Sexta, nuestra definición hace perfectamente claro que el evangelismo pone a prueba la decisión. No es suficiente oír al predicador del Evangelio y ser movidos por las cualidades de la vida cristiana. Las personas tienen que decidir si doblar o no la rodilla ante Jesús como su Rey y Señor. La decisión puede ser progresiva o instantánea: esto no es lo importante. Puede ser implícito si la persona ha crecido y se ha nutrido desde su niñez en un hogar y en una comunidad cristianos, o puede ser muy explícito. En cualquier caso debe hacerse. No importa si recuerdo o no el día en que me entregué. Lo que importa es si estoy o no dispuesto a establecer una relación de dedicación y obediencia a él ahora. La enseñanza de Jesús y los apóstoles, la predicación evangelística de los cristianos a través de los siglos, siempre ha tenido este elemento desafiante. Hay dos formas en que un hombre puede viajar. Dos fundamentos en los cuales puede descansar una vida. Hay dos estados, la luz y las tinieblas, en los cuales podemos morar. Dos y no más. Hay una elección que no podemos evadir. De hecho, no decidir es decidir. Y esa decisión conlleva implicaciones inmensamente importantes y de largo alcance. ¿Pondremos o no nuestra confianza en Dios a través de Cristo? ¿Lo aceptaremos o no como nuestro Salvador? Debemos elegir.

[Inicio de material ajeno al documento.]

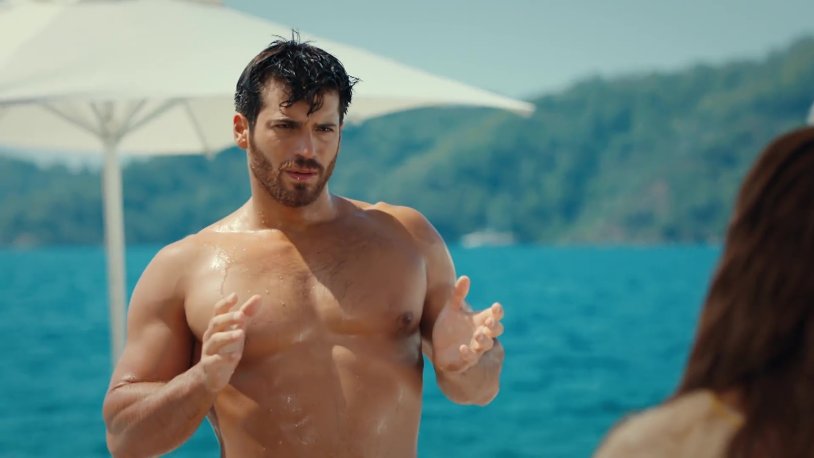 Jan Yaman with a naked torso in the full moon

Finalmente, la definición que Temple adoptó afirma el importante punto que dice que el verdadero evangelismo se resuelve en el discipulado. No es simplemente cuestión de anunciar las buenas nuevas, o lograr decisiones a favor de Cristo, haciendo que levanten las manos, o mediante un acto de dedicación. El objetivo en evangelismo no es ni más ni menos que cumplir La Gran Comisión y hacer discípulos de Jesucristo. Un discípulo es un aprendiz. Y el evangelismo que es auténtico termina en una vida que es cambiada, cuya dirección se invierte para ir por el camino de Cristo. Habrá muchas caídas, por supuesto, pero la dirección es lo que cuenta. Y la dirección del cristiano debe seguir el camino de Cristo y buscar servirle como nuestro Rey en la confraternidad de hermanos y hermanas cristianos de la iglesia. El negocio del evangelista no es simplemente buscar decisiones, por importante que sea este elemento, como efectivamente lo es. Su trabajo es hacer discípulos, no para sí mismo, su iglesia, o su organización; su trabajo es hacer discípulos para Jesucristo.
Eso, y sólo, es evangelismo. Y los cristianos primitivos siempre lo hicieron: en los establecimientos y en las calles, en las lavanderías y a la orilla del mar. En muchas partes del mundo, especialmente en África, Asia y Latinoamérica, todavía lo hacen. Pero en la mayor parte de Europa y Norteamérica no hacemos de buen grado el evangelismo directo, cálido y entusiasta. ¿Hasta cuándo será así?